_DESCRIPTION OF THE TASK_. Among the lines below, list those containing the string "will".

_INPUT MATERIAL_.

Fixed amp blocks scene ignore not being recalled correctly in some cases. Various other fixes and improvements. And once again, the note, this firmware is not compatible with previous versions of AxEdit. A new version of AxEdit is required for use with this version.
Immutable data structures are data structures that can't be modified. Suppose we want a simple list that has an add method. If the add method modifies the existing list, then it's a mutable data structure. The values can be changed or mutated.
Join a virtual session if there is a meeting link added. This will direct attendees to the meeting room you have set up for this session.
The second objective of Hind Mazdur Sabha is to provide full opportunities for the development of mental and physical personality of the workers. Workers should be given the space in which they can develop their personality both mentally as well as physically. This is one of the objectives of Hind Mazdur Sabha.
==
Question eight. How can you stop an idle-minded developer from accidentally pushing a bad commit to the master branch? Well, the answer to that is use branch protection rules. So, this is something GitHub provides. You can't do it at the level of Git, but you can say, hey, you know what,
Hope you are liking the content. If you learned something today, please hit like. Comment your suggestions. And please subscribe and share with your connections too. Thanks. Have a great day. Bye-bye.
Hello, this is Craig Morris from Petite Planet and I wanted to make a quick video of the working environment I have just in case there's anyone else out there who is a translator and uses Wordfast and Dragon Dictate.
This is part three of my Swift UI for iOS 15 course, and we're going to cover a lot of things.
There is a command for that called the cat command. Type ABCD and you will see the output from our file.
---
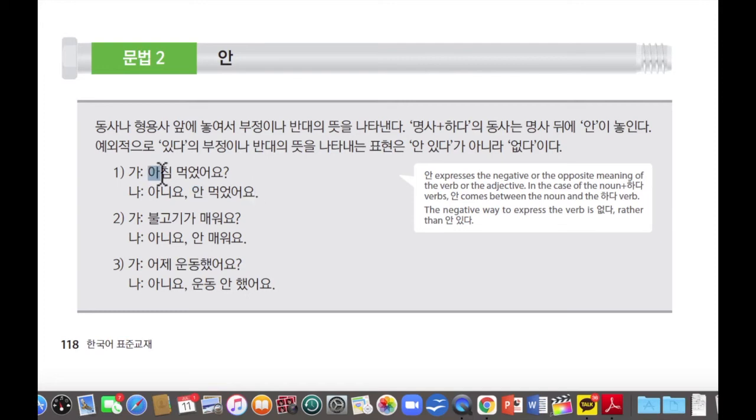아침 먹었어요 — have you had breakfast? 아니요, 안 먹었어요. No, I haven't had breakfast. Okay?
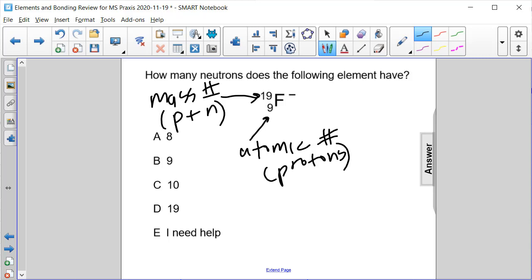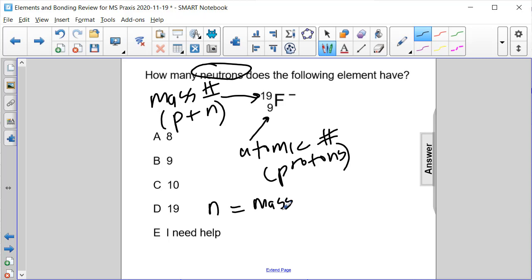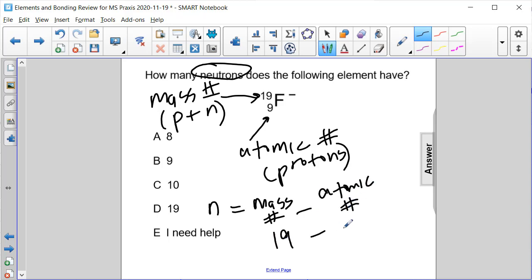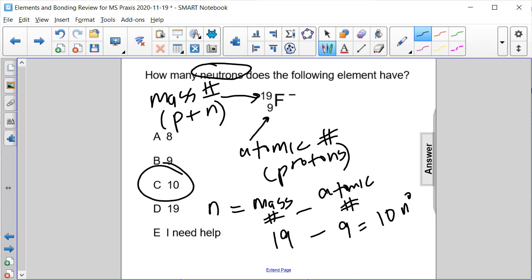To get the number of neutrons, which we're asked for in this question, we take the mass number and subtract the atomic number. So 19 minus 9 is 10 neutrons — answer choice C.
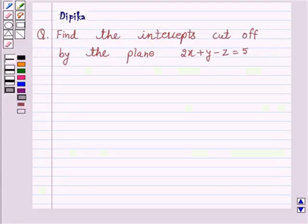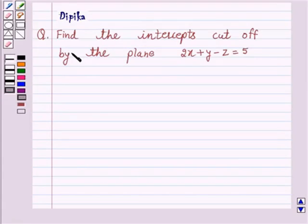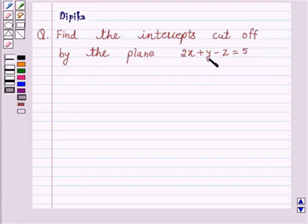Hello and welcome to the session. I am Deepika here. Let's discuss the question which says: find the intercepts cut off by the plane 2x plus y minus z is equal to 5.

_ANSWER TO THIS EXERCISE_.
Join a virtual session if there is a meeting link added. This will direct attendees to the meeting room you have set up for this session.
There is a command for that called the cat command. Type ABCD and you will see the output from our file.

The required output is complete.